当然,要是能找到野果,她是坚决不愿再碰那些小动物的。
太阳刚碰到西方的山顶,熊猛就赶紧把火堆熄灭,这是为了防止火光引来夜间出没的山匪。但没了火又怕野兽来捣乱,于是他们只好到树上过夜,好在这里不缺粗壮的孔雀树,在它稠密的枝冠里总能找到可以当床的丫杈,有的地方竟能和真床一样宽大舒适。
维夏瞧上了一棵紧靠溪边的孔雀树,它至少有三抱粗,发达的根系像一窝盘龙似的都扎到了溪水里。她还记得哪本书上说过,枕着淙淙的流水声睡,连做的梦都会是纤尘不染的。
公孙克照例上去帮她,她把手一摆,“今天让我自己来吧。”
她竟然真的只凭自己的力量爬上了第一道主杈,稍作喘息后又一鼓作气攀过两道横杈,钻进了一丛密实的小枝窠子里。听到公孙克和熊猛在树下拍手,她的脸就开始烫了。她自己也感到难以置信,一个吃老鼠嚼活虾喝溪水还会自己上树的侯门闺秀是闻所未闻的,她意识到她的蜕变更加彻底了,心中不由得涌出一股难以名状的感触,兴奋中带着微微留恋……
夜里,维夏先后被一头山猪和三匹狼惊醒了两次,好在这些畜生只是围着熄灭的火堆转了几圈就走了。可她就再也睡不着了,瞪着两眼等东方的天空慢慢变亮,脑子也像剧院里的舞台一样热闹了一整夜。
第二天天还没亮三人就出发了。
他们沿着溪水北上,越向北山谷就越狭窄,两边的山峰也越来越陡峻,有些地方能把天空挤成一条线。溪水也不停地变换这身姿,时而宽浅时而窄深,最窄处不足两米却又深不见底。溪边的乱石滩也渐渐被巨石阵代替,巨石大小不一形状各异,但都有一个共同点——浑圆。就像人工打磨的一般,犹如太古时代留下的神兽巨卵。一天下来路没有走多少,三人却被折腾得遍体鳞伤。

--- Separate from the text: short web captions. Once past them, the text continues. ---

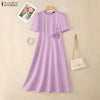 Elegant Chic Fabric Flower Womens Midi Dresses O-Neck Short Puff Sleeve Fitted Waist A-Line Dress S-3XL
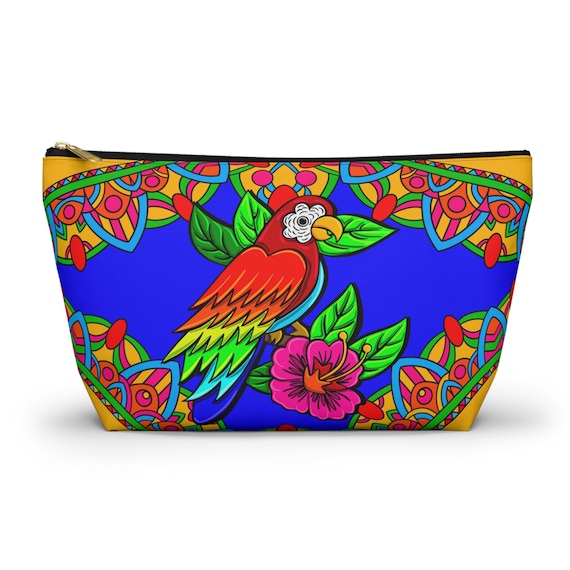 Tropical Parrot Floral Accessory Pouch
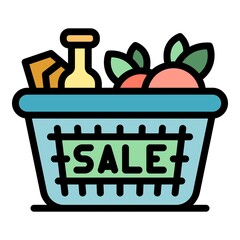 Poster - Cart sale icon. Outline cart sale vector icon color flat isolated
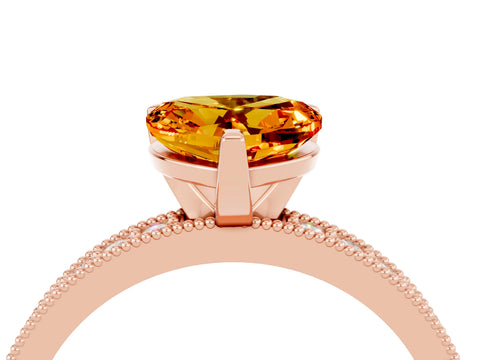 Rose gold Heart Cut Citrine Milgrain Pavé Engagement Ring with Four-Prong Setting_16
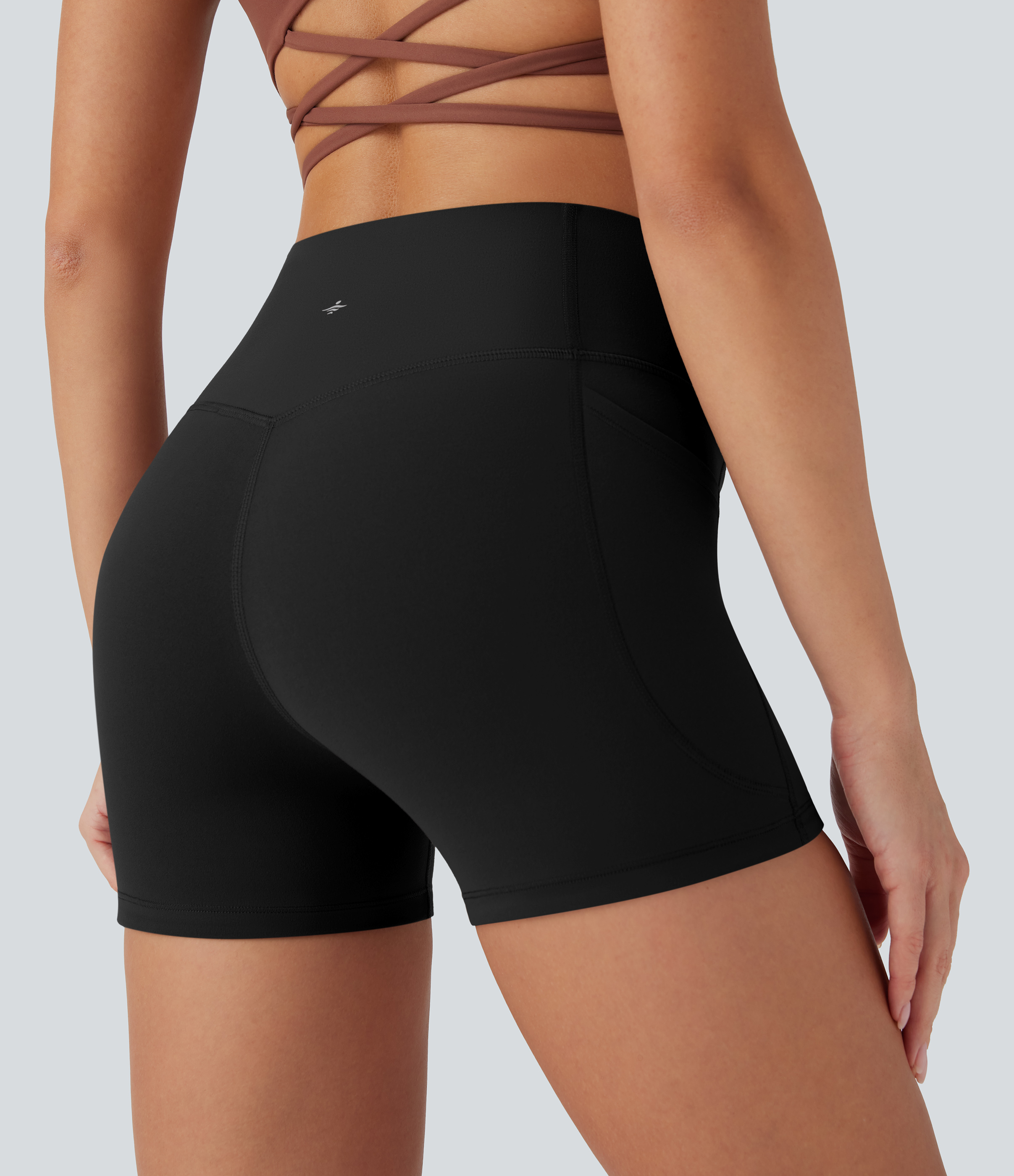 SoCinched High Waisted Tummy Control Pocket Shaping Training Biker Shorts 3''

维夏两只手全磨破了,左腿膝盖也磕破了皮,连骨头都露出来了,她咬着牙暗暗告诫自己:不能哭喊,不能在他们面前显露自己的软弱。尽管疼得大汗淋漓也没有喊一声疼。
公孙克和熊猛的腿伤本身就没好利索,更是苦不堪言。
第一天除了撞见一头从山崖上摔下来死掉的山猪之外,连个人影都没找到。要不是烤山猪肉的味道实在太美,公孙克肯定又要发作,他啃着后腿肉,终于慷慨地给了熊猛一句夸奖,“山猪肉不好弄,算你行。”